___ EXERCISE DATA
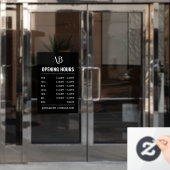 モノグラムロゴ オープニングタイムズ ウィンドウサイン (オフィスドア)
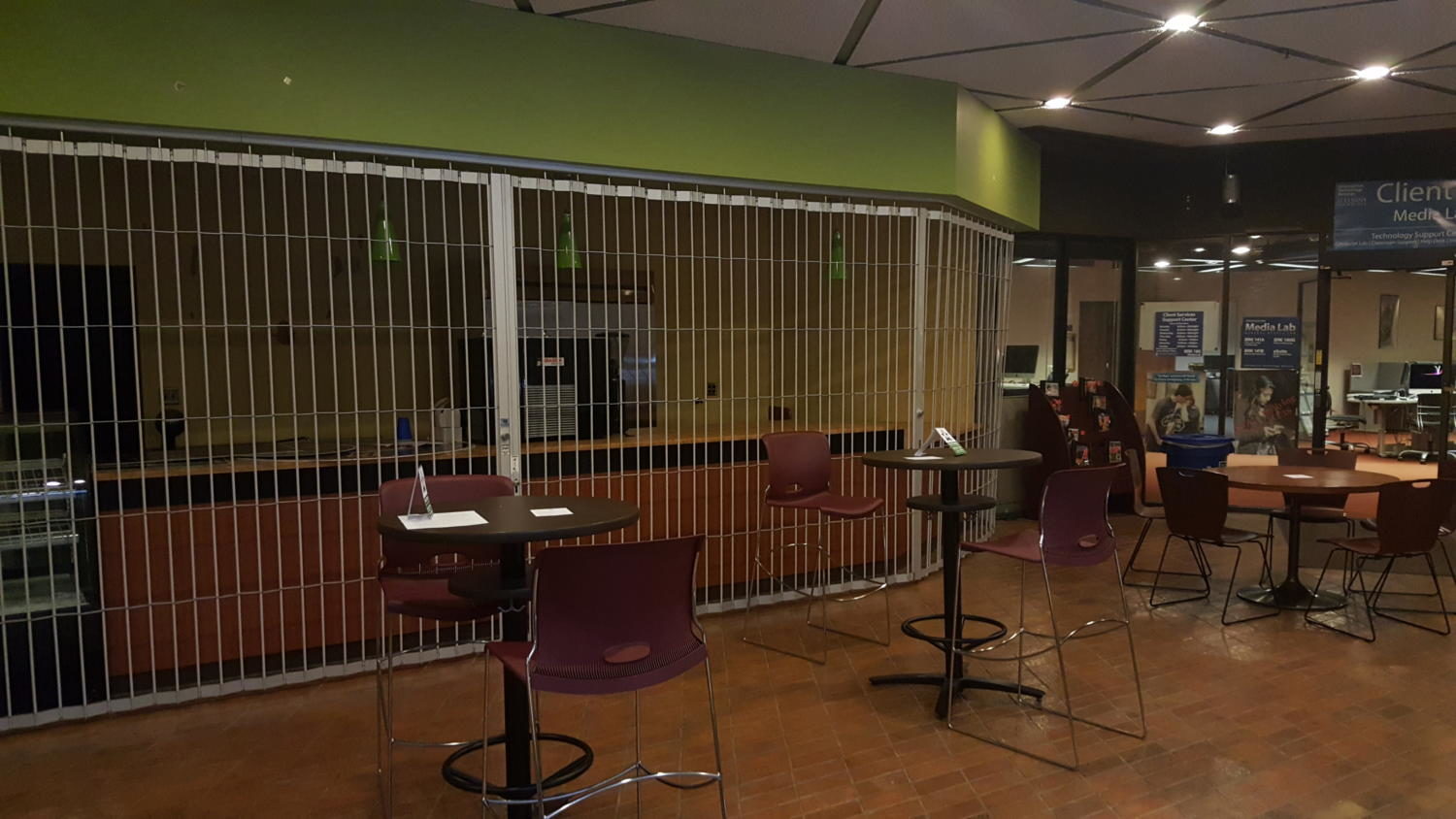 Currently closed Mary Janes Café in the lower level of Brookens Library 
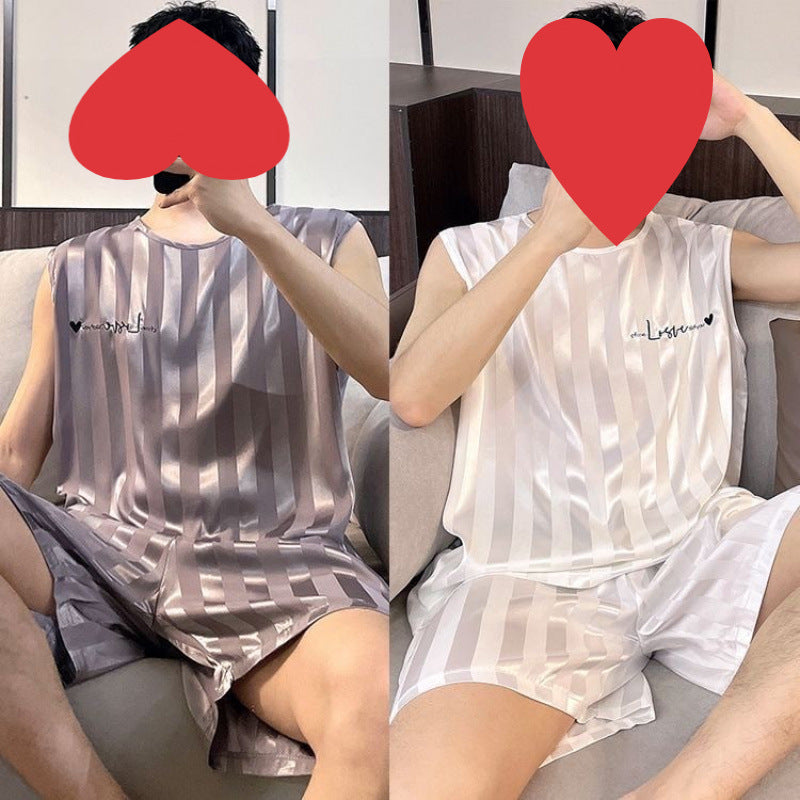 Buy Men’s Summer Ice Silk Pajamas Vest Shorts Sleepwear Set
global swanky 1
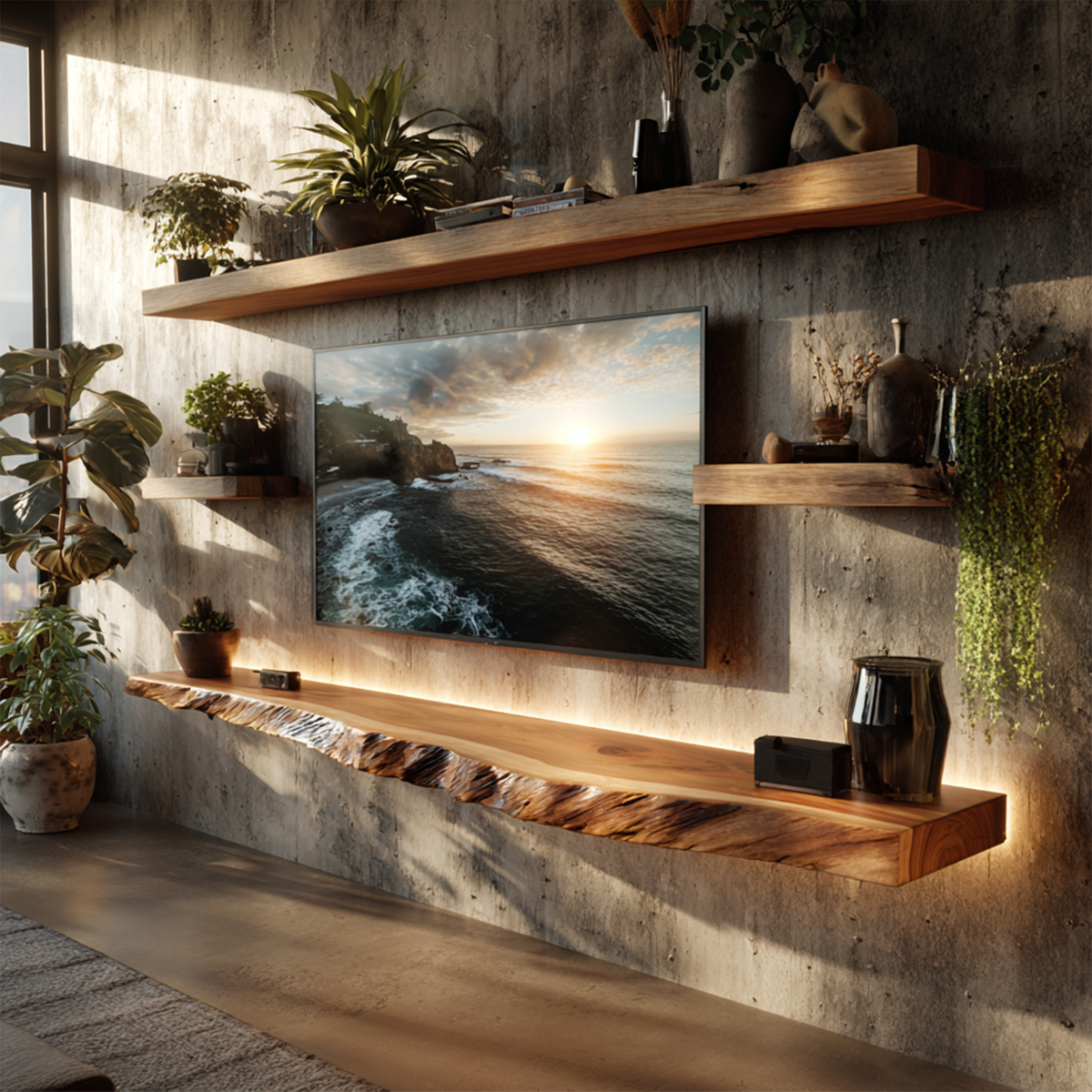 Artistic Live Edge Floating TV Shelf Solid Wood Living Room Interior Signature Furniture - view 3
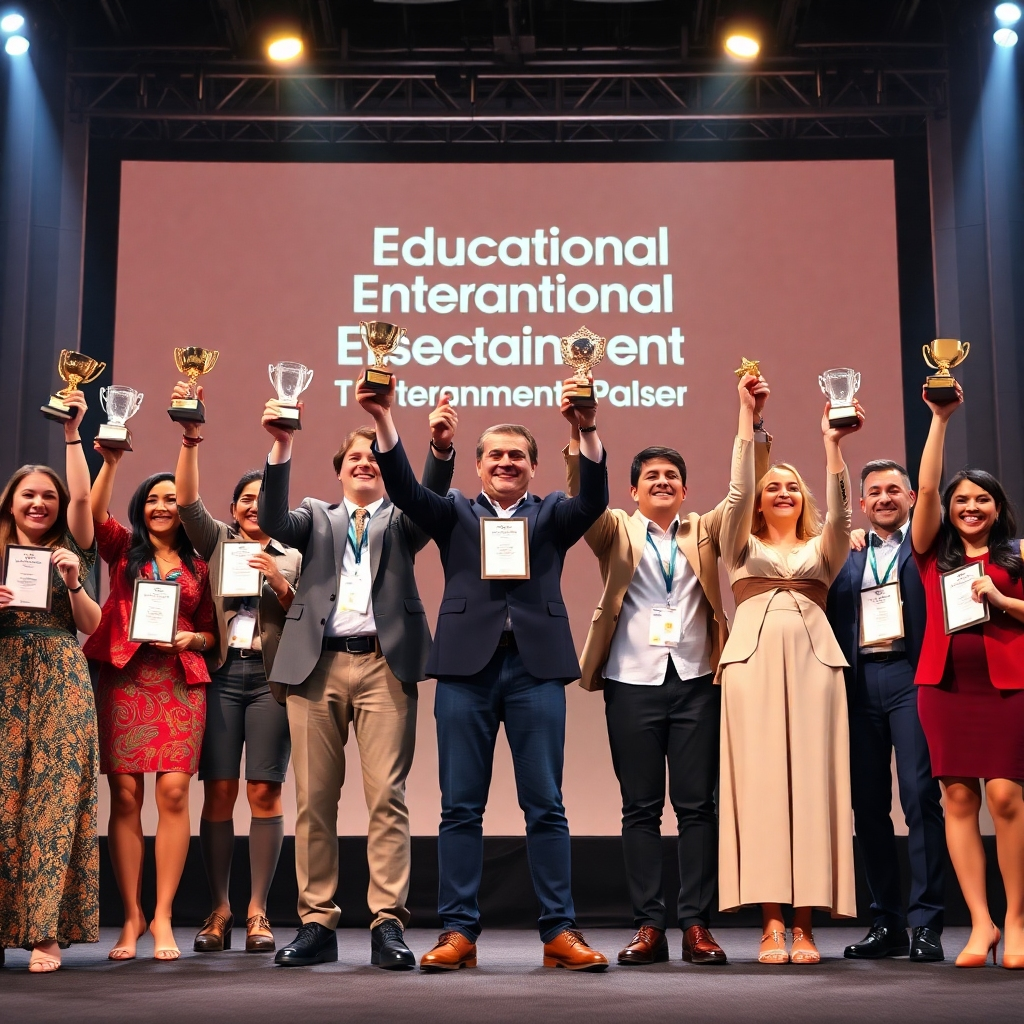 Create a photorealistic image of a diverse group of winners holding up their prizes and smiling enthusiastically. The background should be a brightly lit stage with the 'Educational Entertainment' logo prominently displayed. The atmosphere should be celebratory and rewarding. The style should be similar to a corporate awards ceremony. Technical specs: 4K resolution, high quality.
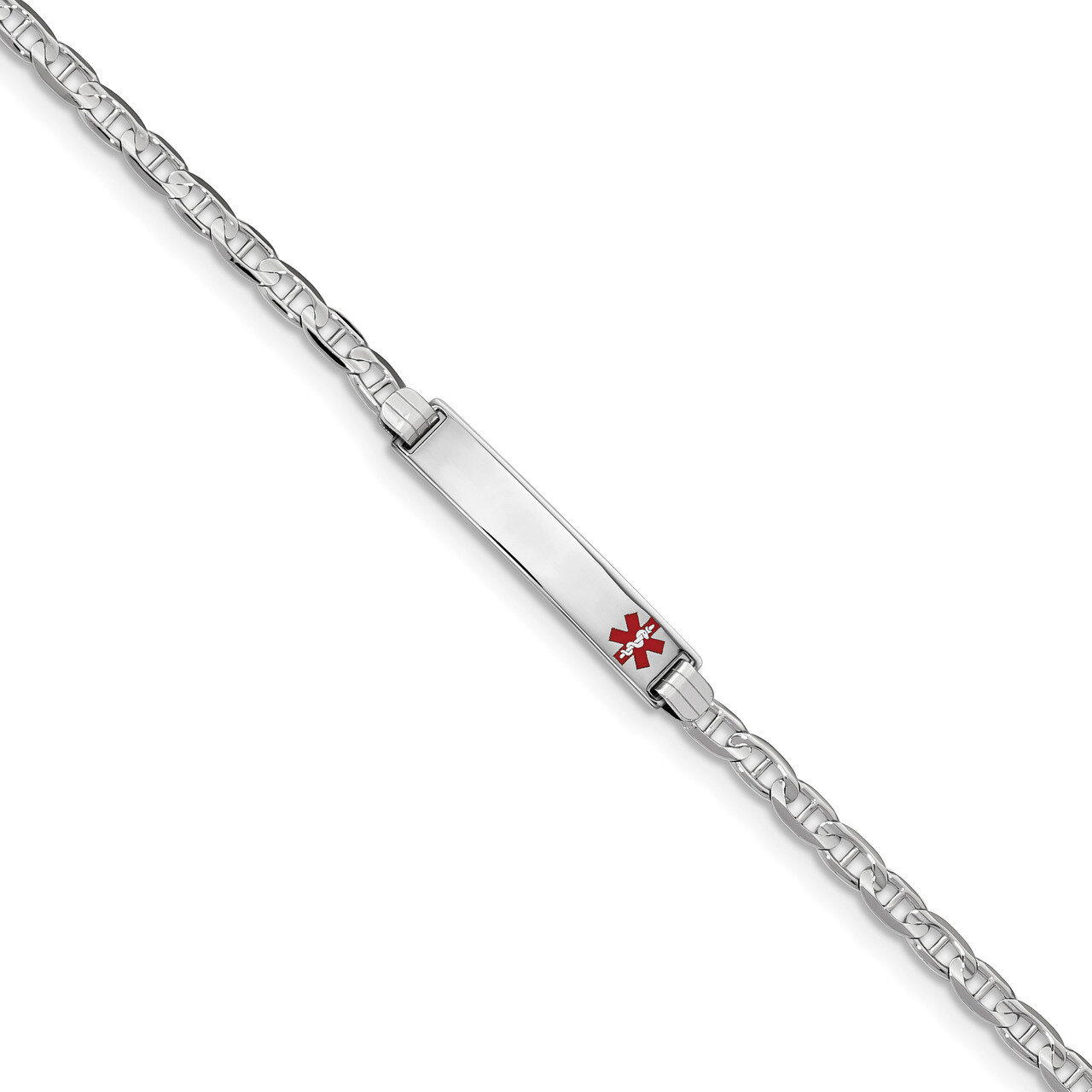 7 Inch Medical Anchor Link ID Bracelet 14k white Gold XM589FRW-7, MPN: XM589FRW-7, 191101436802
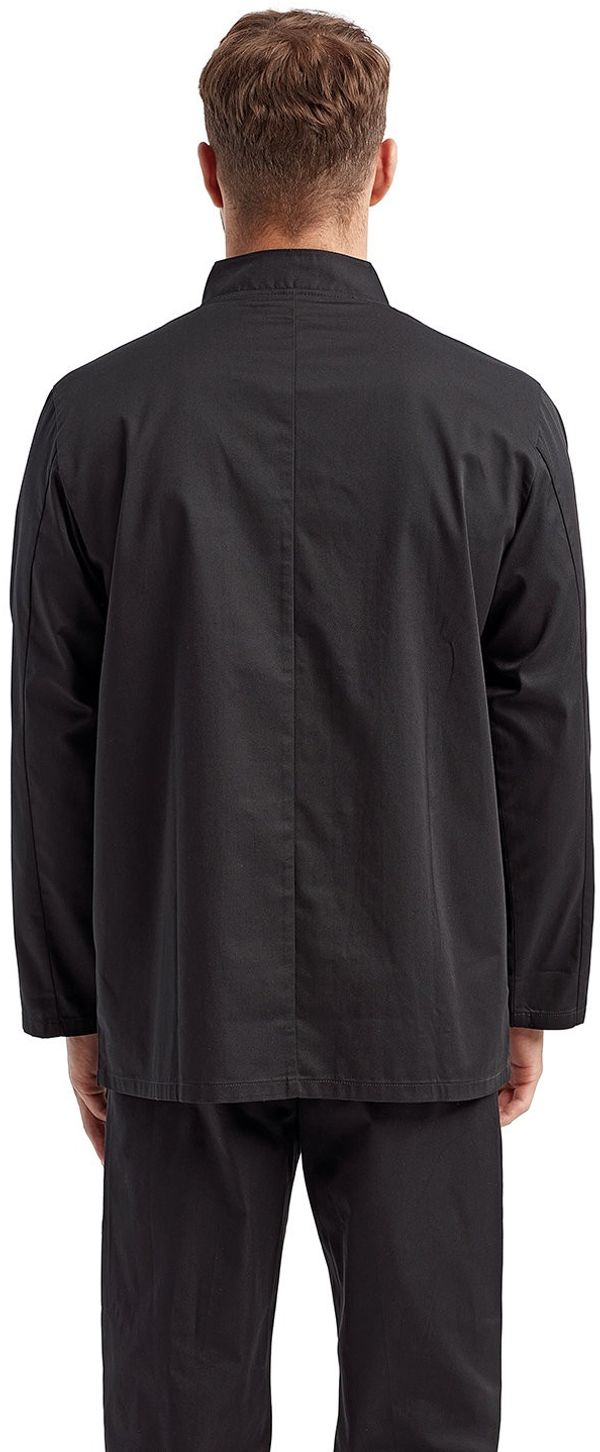 Am image of a Custom Artisan Collection by Reprime Unisex Long Sleeve Sustainable Chef's Jacket in Black!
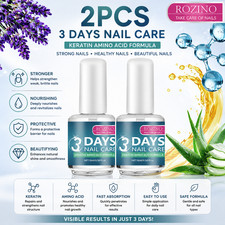 2 PACK ROZINO 3 Days Nail Care Nail Keratin Amino Acid Formula Polish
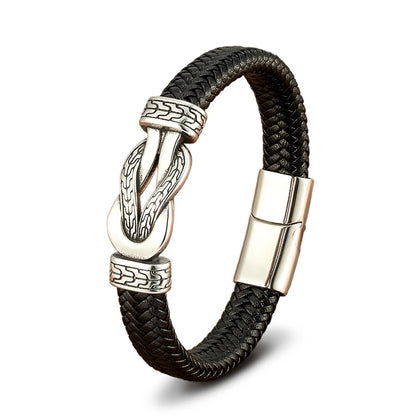 XQNI Stainless Steel Bracelets Weave Black/Brown Leahter Magnetic Buckle Rope Jewelry Accessories Bangles Gifts for Men Friend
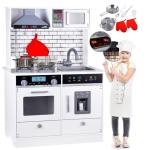 Детска Дървена Кухня  със Звук, Светлина, Бяла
______
Only the lines that lie between the start of the listing and the line containing "Artistic Live Edge", both included, belong in the answer; write them out exactly and omit pictures.

#### ANSWER
 モノグラムロゴ オープニングタイムズ ウィンドウサイン (オフィスドア)
 Currently closed Mary Janes Café in the lower level of Brookens Library 
 Buy Men’s Summer Ice Silk Pajamas Vest Shorts Sleepwear Set
global swanky 1
 Artistic Live Edge Floating TV Shelf Solid Wood Living Room Interior Signature Furniture - view 3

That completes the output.